Vengono emanati nuovi provvedimenti per l’incremento demografico della nazione: agevolazioni per i coniugati, penalizzazioni ulteriori per i celibi, premi in denaro, sgravi fiscali, assegni familiari e pacchi dono a partire dal quarto figlio in poi. Le madri prolifiche vengono additate a esempio per le altre donne, le fotografie di famiglie numerose sono pubblicate su tutti i giornali. Continua a essere alta la mortalità infantile: i bambini muoiono di tifo, tubercolosi, polmonite, enterite.
Nel ’39 viene varata una legge che ammette negli uffici pubblici e privati l’impiego di un massimo del dieci per cento di donne e ne stabilisce l’esclusione totale da quei pubblici impieghi per i quali siano ritenute inadatte.

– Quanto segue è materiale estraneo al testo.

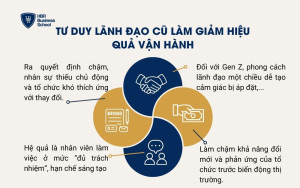 Tư duy lãnh đạo cũ làm giảm hiệu quả vận hành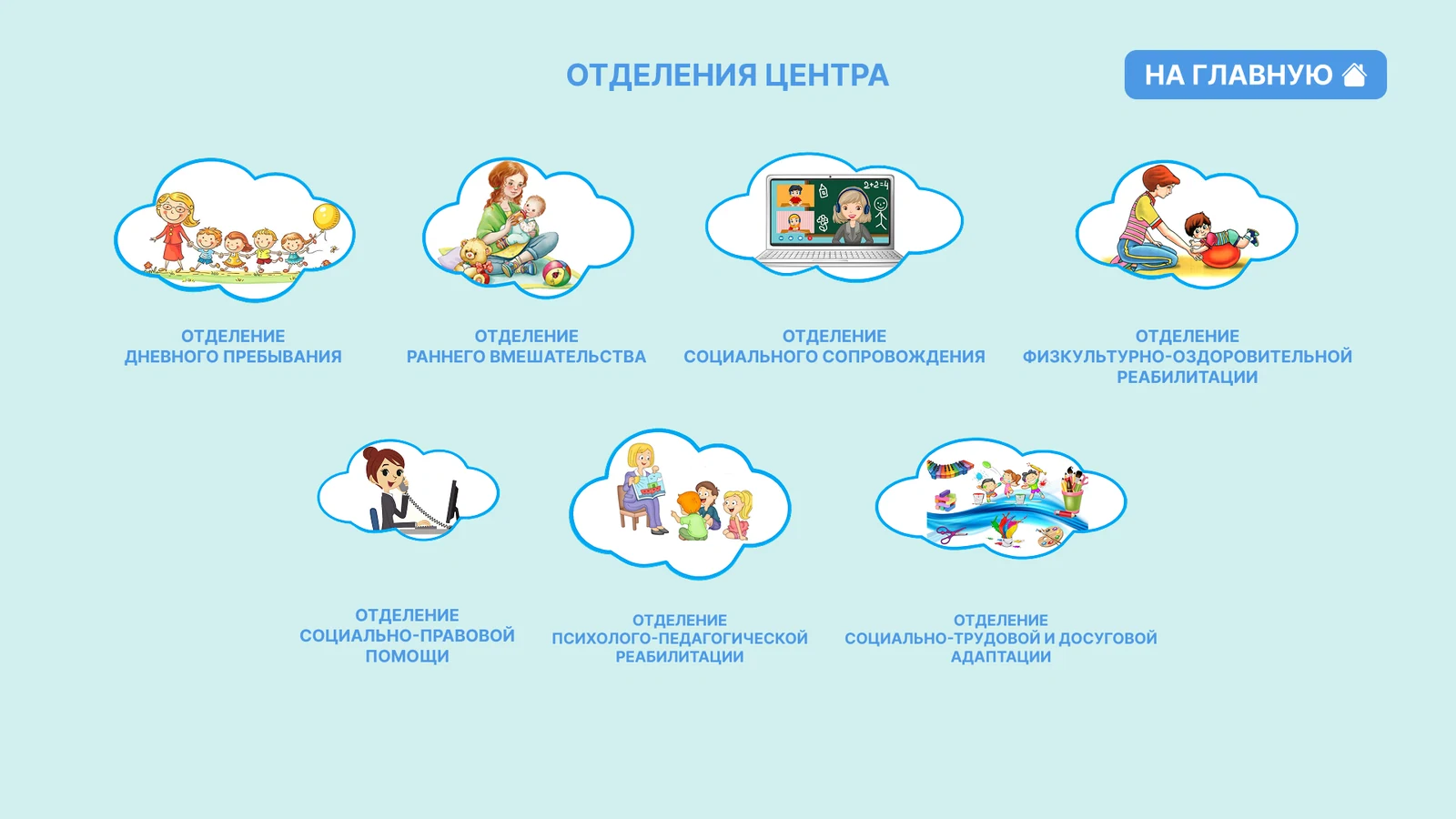 Семь отделений центра облачками с иконками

Viene erogato un assegno per il matrimonio e per la nascita di ciascun figlio (tranne che per i cittadini di razza non ariana). L’assegno di nuzialità delle donne è inferiore a quello degli uomini. Niente assegno per le donne che si sposano dopo i ventisei anni. L’assegno di natalità, invece, spetta al capofamiglia, non alla donna, e aumenta con il numero di figli.
L’opera di persuasione affinché le donne aspirino al massimo a essere “reginelle nel piccolo regno della casa” comincia sui banchi di scuola. La bambina a scuola apprende che la “la patria si serve anche spazzando la casa”.
Nel ‘40 gli uomini sono richiamati alle armi. Il loro posto di lavoro sarà occupato dalle donne, le stesse che fino a ieri, a forza di decreti legge, si cercava di tenere relegate tra le pareti domestiche. Cinque giorni prima dell’entrata in guerra il Consiglio dei ministri approva un disegno di legge per consentire la sostituzione del personale maschile con quello femminile nella Pubblica Amministrazione. Per molte quello è il primo stipendio.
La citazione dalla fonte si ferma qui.